I loved teaching the U.S. Constitution, probably more than anything else I taught over the course of quite a few years. I suppose it is because I have this very strong belief that we can’t really understand where we are if we have no basic comprehension of from where we’ve come. That only makes sense, right?
Thus it is with the ongoing battle we seem to have every few years in this country over the Second Amendment, which is the wrong battle in the first place…the cart before the horse as we say here in Texas (but for time’s sake, I will ignore that for now).
If we truly want to have a battle, we have to first look at the paper over which we fight that battle, the U.S. Constitution. And do NOT get me wrong: The battle belongs to us, We the People, not to our elected government officials.
Do we as American citizens want to continue to cling to that document of old?
It’s a decision we simply cannot make without first honestly understanding the times and the minds of the Founding Fathers, and in the case of the 2nd Amendment, just why they would have bothered to include this right that we have to bear arms in the first place.
Why did those Founding Fathers, as we like to call them, go to the effort to include amendments to the Constitution, and why did they feel the need to include the right to bear arms?
Carrying a weapon in that day and age was common…just the way it was…so what could those men have foreseen in the future or what had they seen in the past that would make them realize that the issue was important enough to put it in writing in the paper that governs the land?
I think James Wilson (a signer) explained best why the 2nd Amendment was added at all. Wilson called the amendment simply a “new security.” If the right was not specifically “spelled out,” the Fathers feared that at some point the government could claim that it had legal reason to “unarm” its citizens. 
James Madison (a signer, one of the framers of the amendment, and eventual President) made the statement that in other countries the government was “afraid” to have an armed citizenry. 
Samuel Adams (a signer) agreed with the others, saying that the Constitution must never be “construed” as intending to keep “peaceable citizens” from owning their own arms. 
And finally, I think I will close my references with one from my own distant ancestor, Richard Henry Lee (a signer and framer of the amendment), “It is essential that the whole body of the people always possess arms, and be taught alike, especially when young, how to use them.” 
I believe Richard Lee is extremely clear that this amendment refers to the general population and not to some government-run militia as many have stated. I also believe that I have brought us back to my original statement.
We have the cart before the horse.
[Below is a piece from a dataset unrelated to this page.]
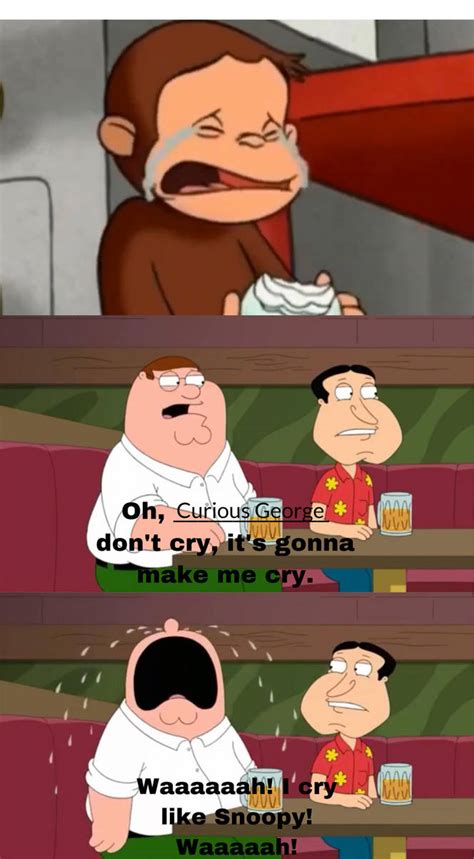 Curious George Crying makes Peter Cry like Snoopy by convbobcat on DeviantArt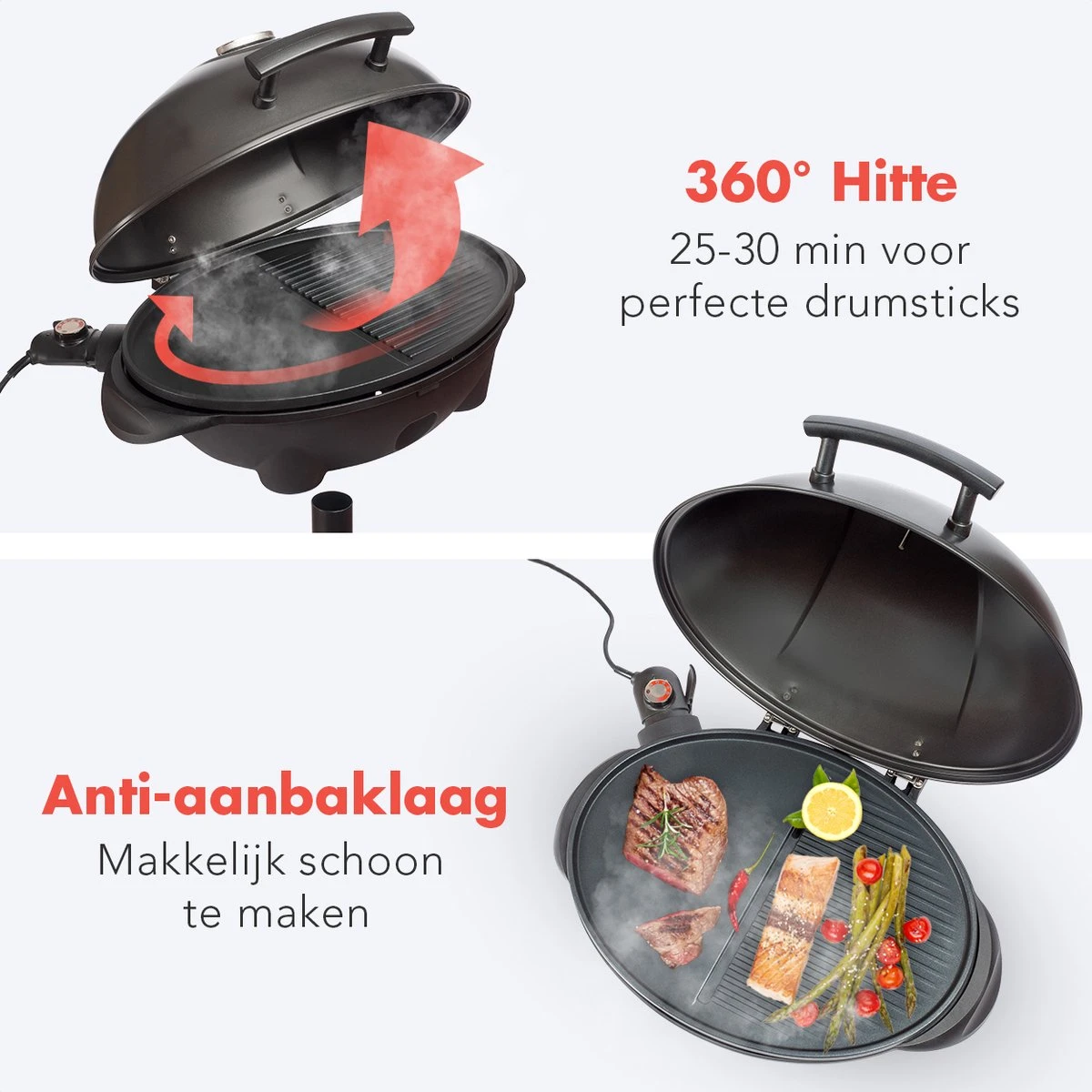 KitchenBrothers Elektrische BBQ - met Grillplaat - Anti-aanbaklaag - Incl. Plank/Houders - Grilloppervlak 46,5x33,8cm - tot 300°C - 2400W - Zwart KitchenBrothers Elektrische BBQ - Met Grillplaat - Anti-aanbaklaag - Incl. Plank/Houders - Grilloppervlak 46,5x33,8cm - Tot 300°C - 2400W - Zwart -Heng Kookserie Winkel 1200x1200 359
It is very, very easy to see what the framers and signers of the amendment intended. That is 100% not the question to be argued. No, the question to be argued is whether or not We the People want to keep the U.S. Constitution as the law of the land.
It is a question that deserves the utmost consideration by all of us, isn’t it? Or…do we plan (like so many, many issues) to leave it in the hands of the government?*
My vote comes from Patrick Henry, “Forbid it, God!”
*I will agree completely that there is an argument to be made here about the advance in weapons since the 2nd Amendment was framed. I wish these multi-multi-round assault weapons had never come to be in private collections. However, they are there, and there is no way that the government will ever have access to those weapons already in the hands of the criminals.
*When I was a teen, posters lined the bedrooms of many young people, “When guns are outlawed, only outlaws will have guns.” Unfortunately, this is true, and I see no way around the fact that these horrible weapons are something we are simply going to have to live with in this country. Unfortunately, we have lost the moral fiber that once held us together, making these crimes against innocent people unthinkable.
The following are great references if you actually want to do your own research on these men. If my high school students could read the Federalist Papers, you can as well!
 James Wilson, The Works of the Honorable James Wilson, Bird Wilson, editor (Philadelphia: Bronson and Chauncey, 1804), Vol. II, p. 454.
 Alexander Hamilton, John Jay, and James Madison, The Federalist on the New Constitution (Philadelphia: Benjamin Warner, 1818), p. 259, Federalist No. 46.
 Debates and Proceedings in the Convention of the Commonwealth of Massachusetts, Held in the Year 1788 (Boston: William White, 1856), pp. 86, 266, February 6, 1788.
 Richard Henry Lee, An Additional Number Of Letters From The Federal Farmer To The Republican (New York: 1788), p.170, Letter XVIII.